▶ [Supplied data]:
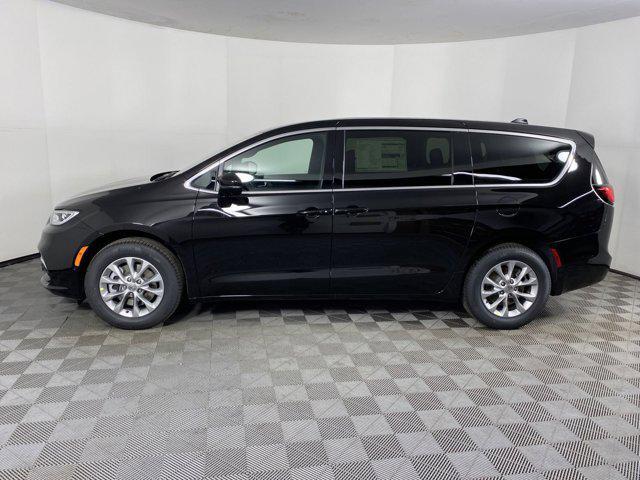 Photo of 2025 Diamond Black Crystal Pearlcoat Chrysler Pacifica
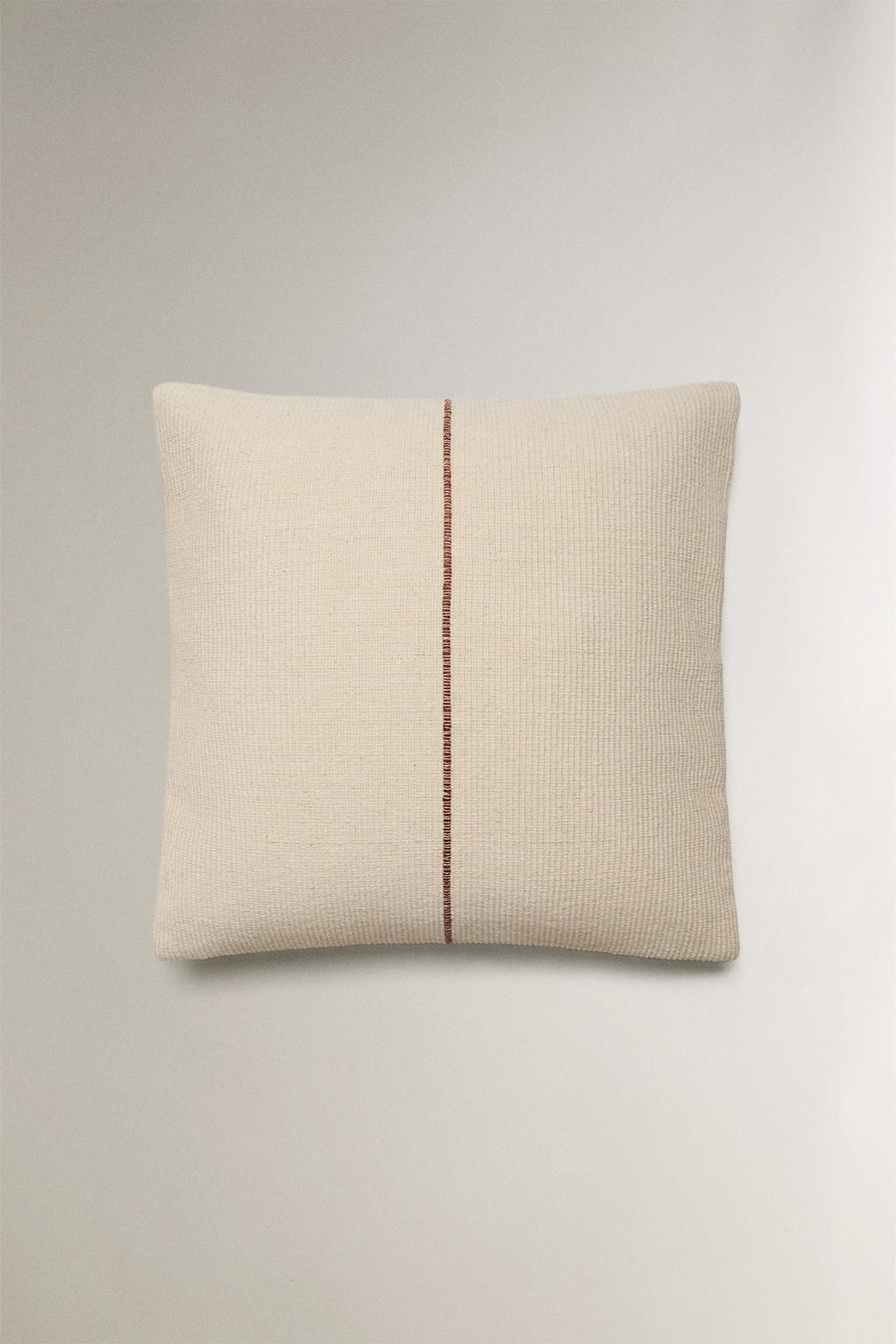 Чехол на подушку с линией в рельефе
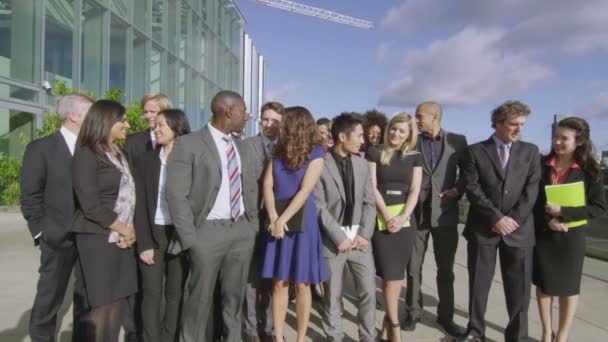 Бизнес-команда за пределами здания городского офиса — стоковое видео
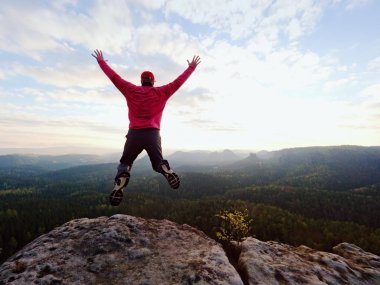 Deli adam. Uzun yürüyüşe çıkan kimse üzerinde kayalık tepe atlıyor. Rocky Dağları'nda harika ruh hali,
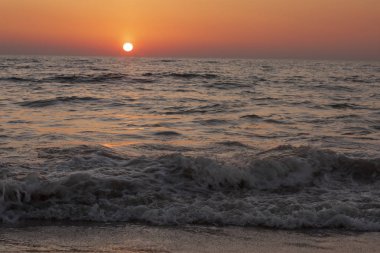 Hindistan 'da Candolim, Goa sahilinde gün batımı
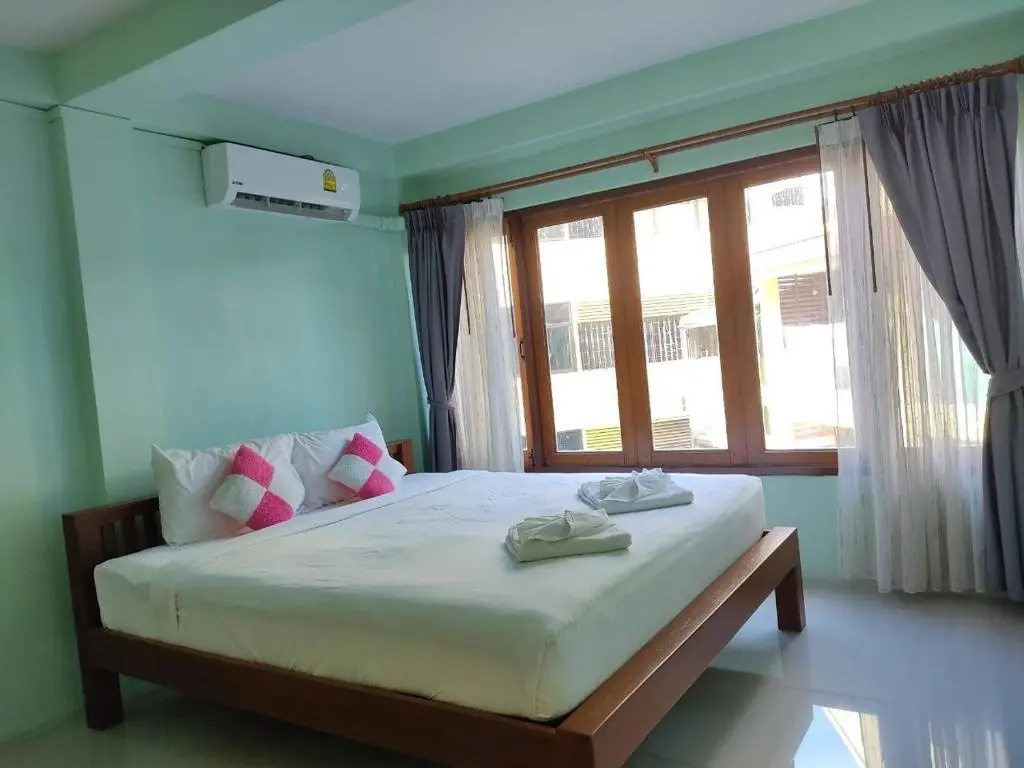 Deluxe Double room (full double bed)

▶ [Assigned task]: Begin with the line that has "Бизнес-команда за пределами" and continue to the last line of the entries, printing each line exactly and nothing else; include both ends and skip the pictures.

▶ [Task solution]:
 Бизнес-команда за пределами здания городского офиса — стоковое видео
 Deli adam. Uzun yürüyüşe çıkan kimse üzerinde kayalık tepe atlıyor. Rocky Dağları'nda harika ruh hali,
 Hindistan 'da Candolim, Goa sahilinde gün batımı
 Deluxe Double room (full double bed)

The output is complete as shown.